> **WHAT THE TASK ASKS**:
Please read the records below and return each line holding the string "with".

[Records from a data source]

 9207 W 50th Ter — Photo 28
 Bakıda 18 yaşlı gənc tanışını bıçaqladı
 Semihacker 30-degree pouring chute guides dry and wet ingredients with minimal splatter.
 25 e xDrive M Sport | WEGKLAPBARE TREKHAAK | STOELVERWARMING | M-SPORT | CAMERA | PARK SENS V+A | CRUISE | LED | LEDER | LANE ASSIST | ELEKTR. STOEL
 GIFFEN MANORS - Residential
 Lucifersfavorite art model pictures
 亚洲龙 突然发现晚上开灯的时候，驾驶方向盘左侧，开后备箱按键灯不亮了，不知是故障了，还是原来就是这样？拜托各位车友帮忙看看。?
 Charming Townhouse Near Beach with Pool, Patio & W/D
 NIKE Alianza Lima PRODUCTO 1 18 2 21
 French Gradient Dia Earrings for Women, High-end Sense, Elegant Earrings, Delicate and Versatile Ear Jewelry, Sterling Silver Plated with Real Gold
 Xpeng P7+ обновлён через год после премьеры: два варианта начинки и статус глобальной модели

> **SOLUTION TO THIS EXERCISE**:
 Semihacker 30-degree pouring chute guides dry and wet ingredients with minimal splatter.
 Charming Townhouse Near Beach with Pool, Patio & W/D
 French Gradient Dia Earrings for Women, High-end Sense, Elegant Earrings, Delicate and Versatile Ear Jewelry, Sterling Silver Plated with Real Gold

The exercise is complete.